§ **WHAT YOU NEED TO DO**:
Write back, word for word, the lines from the one containing "Plush Velvet Stainmaster Carpet" to the end of the listing below. Include nothing else, and no pictures.

§ **TASK MATERIAL**:
══════════════════════════════

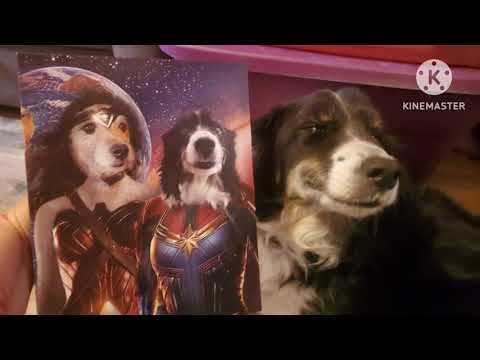 Turn your pets into superheroes! Furryroyal pet portrait!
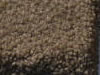 Plush Velvet Stainmaster Carpet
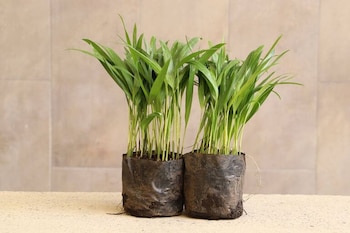 En Colombia hay dos tipos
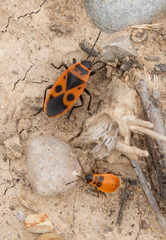 Pyrrhocoris apterus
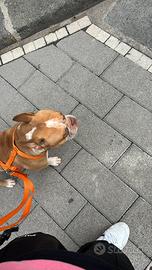 American bully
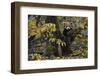 Red panda in humid montane mixed forest, Laba He National Nature Reserve, Sichuan, China-Staffan Widstrand/Wild Wonders of China-Framed Photographic Print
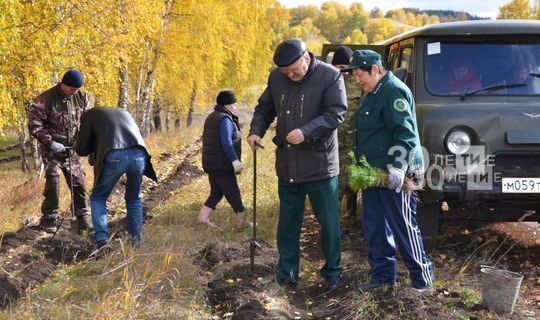 «Хәтер бакчасы» акциясе барышында Татарстанда 507 мең агач утыртылган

══════════════════════════════

§ **SOLUTION TO THIS EXERCISE**:
 Plush Velvet Stainmaster Carpet
 En Colombia hay dos tipos
 Pyrrhocoris apterus
 American bully
 Red panda in humid montane mixed forest, Laba He National Nature Reserve, Sichuan, China-Staffan Widstrand/Wild Wonders of China-Framed Photographic Print
 «Хәтер бакчасы» акциясе барышында Татарстанда 507 мең агач утыртылган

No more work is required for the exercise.